E questo accade perché, come ha notato Claudia Mazzucato - che in occasione dell’ultimo incontro del ciclo Per educare/educarsi alla Bellezza, ha dialogato insieme a Marco Lombardi con l’inviato della “Stampa” sequestrato in Siria del 2013 -, «le parole che aderiscono a un’urgenza prendono sempre la forma della poesia, perché la poesia svela o si propone di svelare la verità».

Prende immediatamente una piega poetica anche il racconto del giornalista ai numerosi studenti presenti in aula: «Il male spesso si traveste di bellezza: sono entrato in Siria il giorno prima di essere sequestrato, il 6 aprile 2013, per un sentiero di meli in fiore». Ed è così chiarita «la tentazione che ho avuto, appena ricevuto l’invito, di declinare in modo diverso il tema dell’incontro: non più la bellezza e il male, ma la bellezza del male». La bellezza è anche quella evocata dalla parola “Califfato”, che il giovane combattente associa immediatamente all’idea di una purezza che non ha storia: «La grana umana di chi decide di partecipare alla costruzione del Califfato è quella di chi cancella il passato, distrugge i codici su cui ha costruito la sua vita fino a quel momento e partecipa alla costruzione di un codice nuovo, come accade in tutti i totalitarismi».

«Quando ero prigioniero», continua il racconto, «sono stato nei luoghi in cui è nata la Storia, con le mani scavavo nella terra ed emergevano cocci e testimonianze di civiltà passate, quelle testimonianze che il totalitarismo distrugge. Per questo i giornalisti sono nel mirino, ma anche gli archeologi, perché la storia, la cronaca e il racconto sono per loro la più temibile delle accuse».
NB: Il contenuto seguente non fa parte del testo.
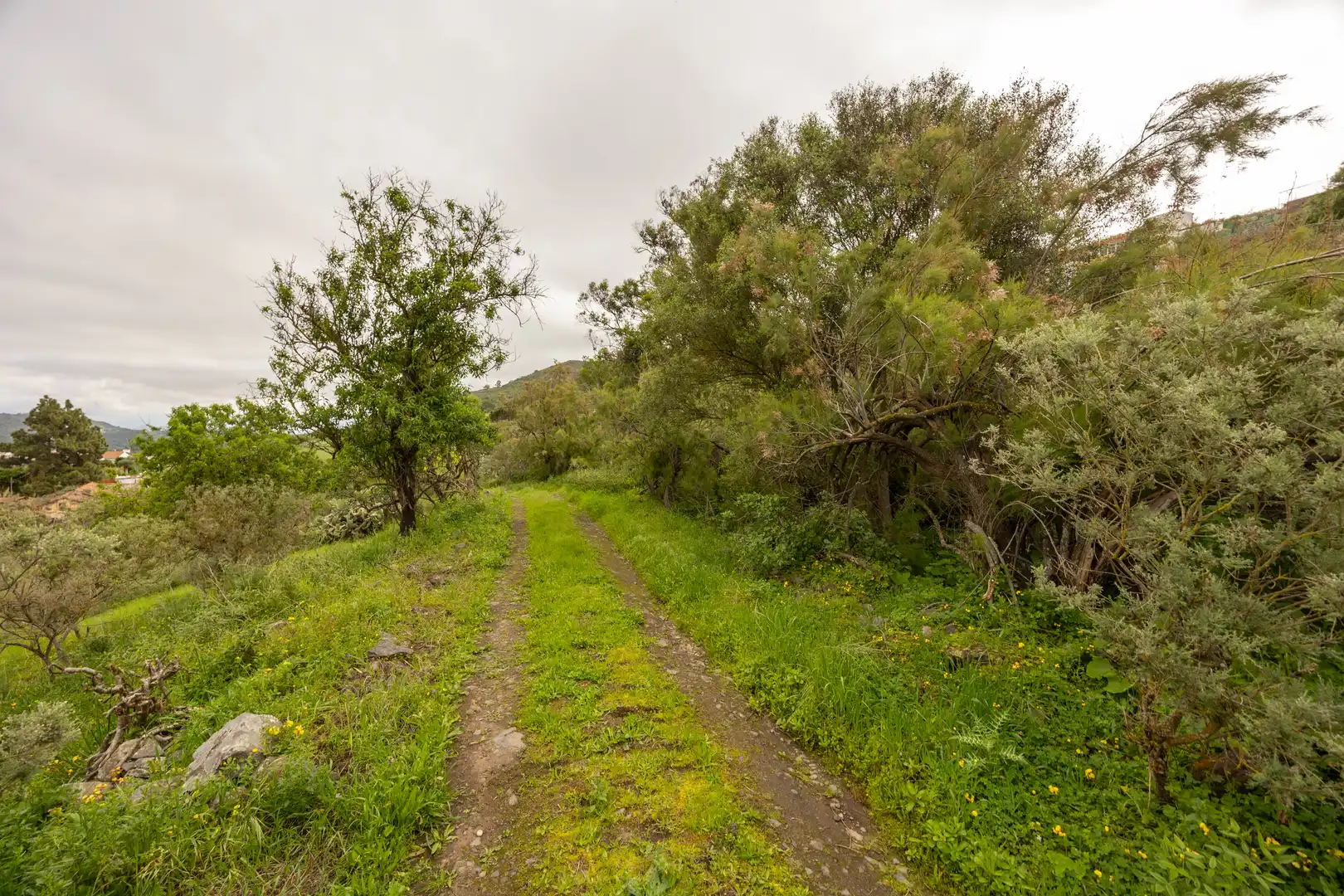 Country homes for sale in Santa Brígida  with Private garden and Terrace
«La testimonianza di una vittima»: questo è per Claudia Mazzucato il racconto di Quirico, che aiuta a capire una situazione drammatica e complicatissima, ma pone anche una questione fondamentale: cosa succederà «dopo» in Siria? «L’idea di giustizia che di solito si mette in pratica in questi casi», spiega Mazzucato «è quella di una giustizia ritorsiva, ma la sfida sta nel riunire ciò che il male ha separato: il perdono riesce a fare dove non si può fare più niente». Di diverso avviso è Marco Lombardi, che di fronte a questa «normalizzazione del male» considera, provocatoriamente, necessario anche ipotizzare una guerra.
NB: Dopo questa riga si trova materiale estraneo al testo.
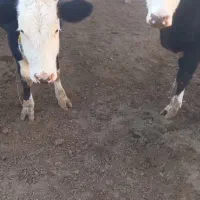 گوساله ماده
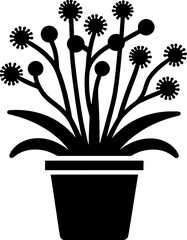 Ecdeiocoleaceae plant icon 5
Aldilà delle posizioni di ciascuno, una testimonianza come quella, preziosa e sconvolgente, che il giornalista della Stampa ha concesso agli studenti, e ai numerosi docenti presenti, dell’Università Cattolica, è stata anche una lezione importante di giornalismo, se non addirittura di vita, di una vita responsabile, consapevole: «Esiste un male che si può combattere quotidianamente, perché il male è negli atti, ma soprattutto nelle omissioni: l’indifferenza, il cinismo sono il contrario del mio mestiere. Il male è quello che non facciamo, il non esserci, il non guardare; sarà un’idea infantile forse, ma è la mia idea».